Gewürztraminer: "Gewürzt" means spice in German. These wines have lots of sweet spice! Also tons of tropical fruit! Basically, they are a lot. Think lychee, rose, grapefruit, a really old, fancy lady's bag. Often dry to off-dry with high alcohol and low acidity that sounds gross, BUT they can be + great if balanced and a great pairing for asian-y foods.
Pinot Gris: think petite Gewurtz! The body and spice of its bodacious brother, but with higher acidity (yay! great for food and freshness) and a bit less of everything. I love Pinot Gris. Think peaches and apricot, but with a good, fat mid-palate and this hint of something savoury like smoke. Yum. Can be off-dry, but more typically bone dry. A great place to start into Alsace's more adventurous, full-bodied grapes - in contrast, to its lean mean badass sister, Riesling.
Pinot Blanc: the workhorse of Alsace! Easy to grow, base of the sparkling wine you find in the region. Simple, good-tasting, dry wines. Salty and pleasant. Hot day? Summer salad? Pinot Blanc is cheap and your friend, go there.

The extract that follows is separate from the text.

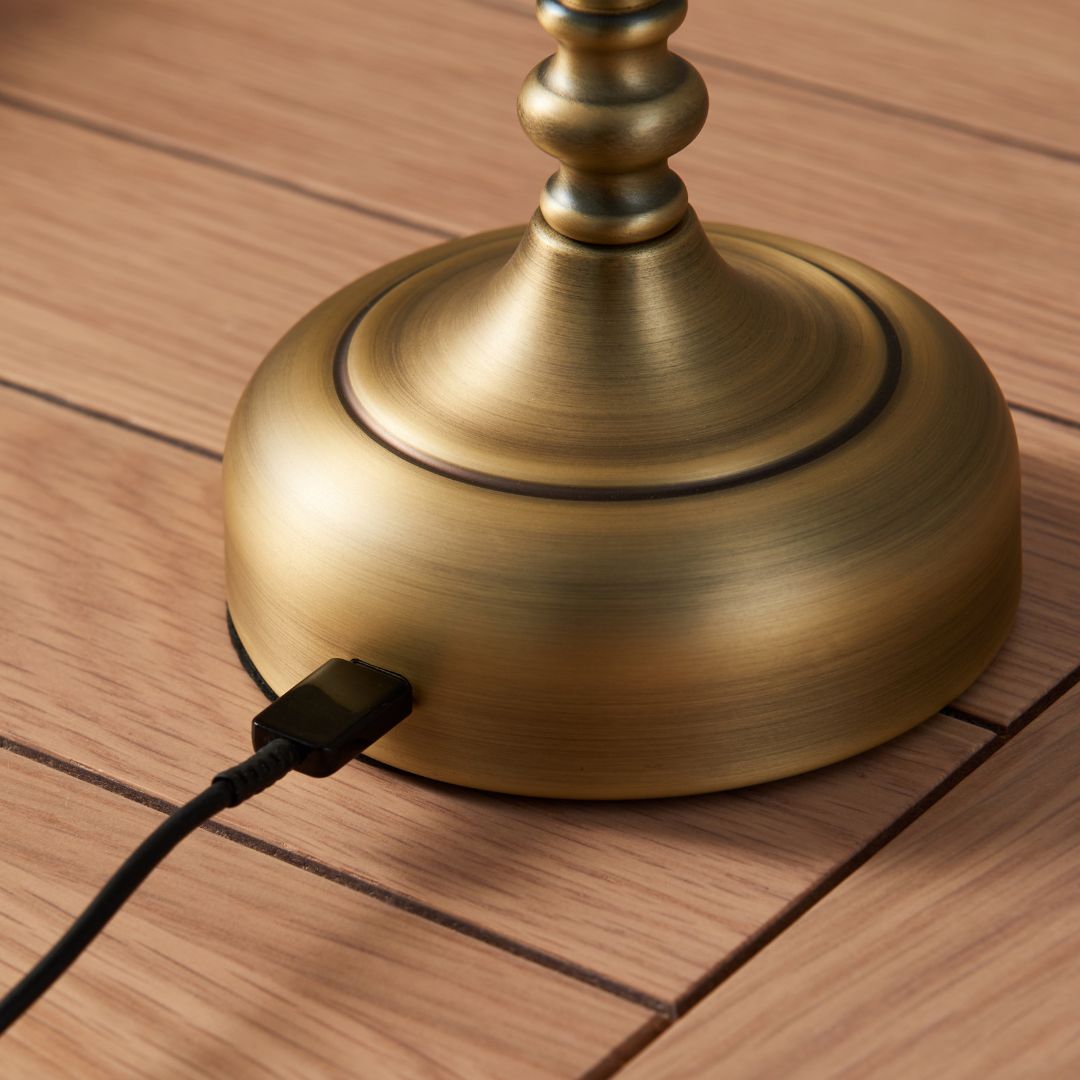 Pagazzi Fable Antique Brass Rechargeable Touch Table Lamp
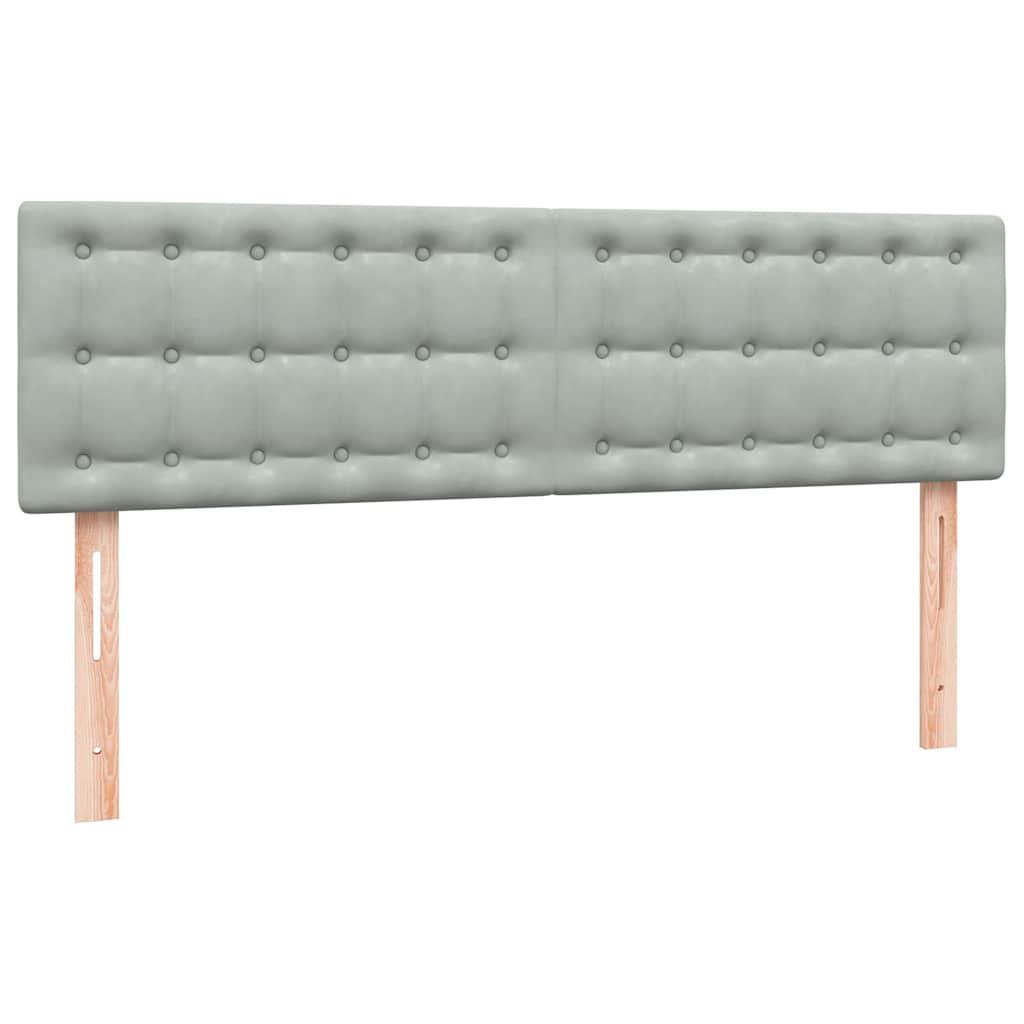 vidaXL Κρεβάτι Boxspring με Στρώμα Ανοιχτό Γκρι 160x210 εκ. Βελούδινο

lastly Muscat: the fermented grape that tastes like grapes! Dry, grapey, musky. Very small production, but a fun weird and wonderful thing if you get a good example. I would laugh and be impressed if someone brought this to me as a dinner party gift. Muscat can also be gross, so as a rule, pay at least $20 or risk peril.
3. Wait a second: why are these varietals all white and high acid?! Geography and climate, of course. Alsace is isolated in the north-east corner of France. It is separated from the rest of France by the quite ominous Vosges Mountains and from Germany by the Rhine river. Its northern latitude makes it very cold (average of 16 degrees during harvest), so grapes take a long time to ripen, developing complex flavours and keeping their high acid - this compared to very warm climates that ripen grapes very quickly, but have no acidity and are the dictionary definition of flabby, if the dictionary lived in your unimpressed mouth, i.e., why there is no wine in Costa Rica. The mountains also act as a rain shadow, which is super important for the long growing season. The dry weather (the driest in France!) allows for grapes to grow happily for a long time without disaease pressure - this is why Alsace is the seat of organic and biodynamic production in France. Why spray when you don't need to?
4. On sweetness. Typically these wines were always dry! It was actually a great way to differentiate them from their German counterparts. BUT, as the world goes sweeter - apothic, dear god, apothic SO SWEET GUYS JUST STOP IT, the coke of wine - and global warming keeps coming (Alsace has seen an average temperature rise of .6% over the past 40 years - this is a huge!) these wines are getting sweeter. In general, Riesling, Pinot Blanc and Muscat should be dry. So should Pinot Gris, but you can see some sweet ones. Gewurtz is ususally a bit sweet. Best bet, ask your wine store. This is one of the labeling probelms of Alsace, they should really better communicate perceived sweetness to customers. Alas. The French.
4. There is a Grand Cru, but don't trust it. There are 51 Grand Cru vineyard sites that can be labelled "Alsace Grand Cru", some are really great, but the area of each Grand Cru is MASSIVE and not all bits of it are created equal. This means that Grand Cru is not an indication of high quality, but it can be. The worst, right?! The system is so flawed that some producers like Hugel mercilessly campagn against it and refuse to label their Grand Cru wines "Grand Cru", as the crappier examples lower the reputation of the region as a whole and are deceiving to customers. All that to say, sorry I can't help. :( If you want great Grand Cru Weinbach and Zind-Humbrecht are great fail-safes and grab a badass wine from Alsace bad-body Marcel Deiss if you can.
5. These high acid, aromatic wines are AWESOME for rich food. As such, for #SundayDinner with my only three friends in Vancouver we made Choucroute garnie. Think all of the sauerkrout in Granville Island plus all the meat and then more meat. It was kind of disgusting and way too much, but also delicious and amazing and the best. Here are some silly photos.
Phew! So what do you think? Alsace, right!? Go buy some and report back, kk?